Part of that is accounted for by the huge rise in migration away from mainland China, which is forecast to lose 15,200 millionaires this year as Xi Jinping continues to exert tight control over the economy. There has been a significant increase in Canada’s Chinese community in recent years, notably in British Columbia. Vancouver has become one of the most desirable destinations in North America, growing by over a quarter of a million people in the past decade, with new businesses springing up everywhere and housing costs rocketing. 

Canada’s boom in the oil and metallurgical industries is also assisting the growth of homegrown millionaires, putting it in 9th place in the Top 15 wealthiest countries (W15) by the end of last year, with a millionaire population of 371,200. But the country may also be benefitting from the political uncertainty south of the border as we approach the US Presidential and Congressional elections in November. Whether Trump or Biden wins is probably not critical for high-net-worth individuals deciding where to base themselves. But the fear of political instability probably is. There is much pent-up suspicion on both sides of the political divide that their political rivals may try to steal the election. Even sober political analysts have conceded that this could degenerate into serious violence, echoing the events of 6 January 2021 when Trump supporters stormed the Capitol in Washington. Nonetheless, the USA remains by some distance home to the largest number of billionaires and centi-millionaires — nearly 800 of the former and 10,000 of the latter.

Scrapping of non-dom status accelerates UK’s millionaire drain 

Elections elsewhere have already had an impact on high-net-worth individuals’ choices. As it prepares for a snap poll on 4 July, the UK is facing losses of 9,500 millionaires, centi-millionaires, and billionaires this year, more than any other country except China. Brexit continues to exert a negative impact on travel and investment while the London Stock Exchange is slipping against its competitors in New York, Singapore, and even elsewhere in Europe. Negative headlines about the state of Britain’s aging infrastructure, notably its sewage, transport, and health systems, have not helped.

But it was the decision earlier this year of Conservative Chancellor Jeremy Hunt to appropriate a long-standing policy of the opposition Labour Party by abolishing the non-dom status which has unleashed some vocal criticisms among high-net-worth individuals. Interestingly, as the UK slips down the table, Italy, Switzerland, Greece, and Portugal, which have retained similar arrangements to the non-dom status, appear to have absorbed much of its millionaire exodus.

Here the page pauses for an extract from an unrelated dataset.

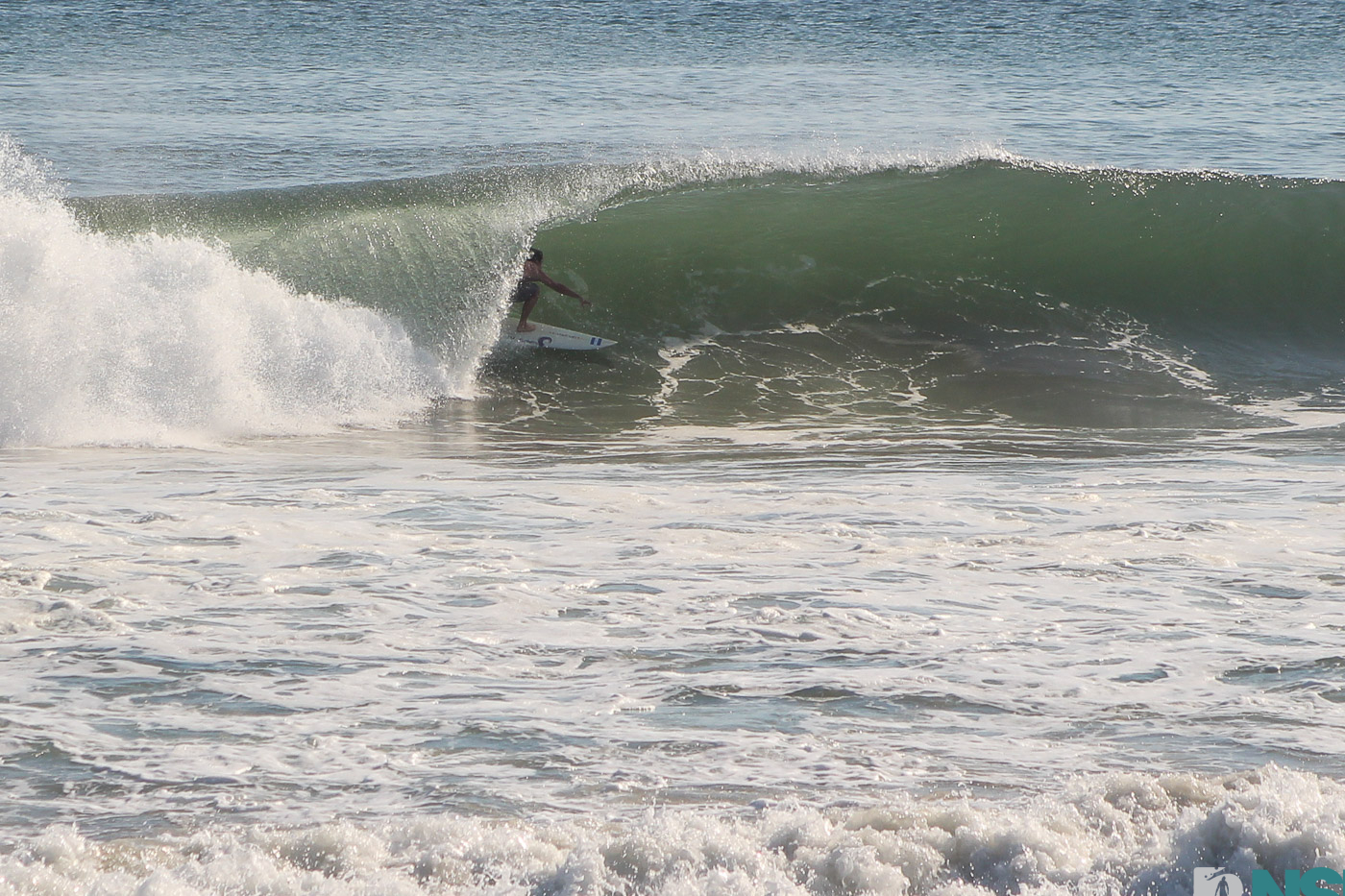 Nicaragua Surf Report - Report Photo 03/17/2026 10:18 pm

India’s millionaires head to Australia, USA, Canada

India, too, is witnessing a steady net outflow of millionaires but here the story is more positive. Opportunities for overseas investments are opening up for many wealthy Indians, especially in Australia and the USA. Canada is again an important destination although politics has intervened here after Ottawa accused Narendra Modi’s government of having ordered the murder of a prominent Sikh opposition activist on Canadian soil.

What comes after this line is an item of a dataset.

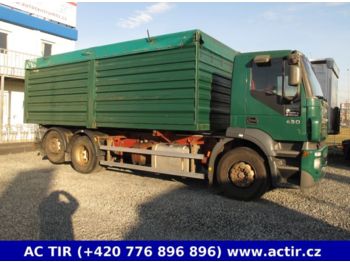 Tipper Iveco STRALIS ACTIVE DAY: picture 1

Figures detailing the growth of centi-millionaires and billionaires over the past decade confirm a broader economic pattern across the globe: the growth of Asia and the relative decline of Europe. China, India, South Korea, Singapore, and Vietnam have all registered a huge relative increase in their number of high-net-worth individuals — we can be confident this trade will continue as intra-Asian growth continues to spiral. Africa and South America are lagging behind but with 82,400 millionaires, Brazil has a sizable high-net-worth population.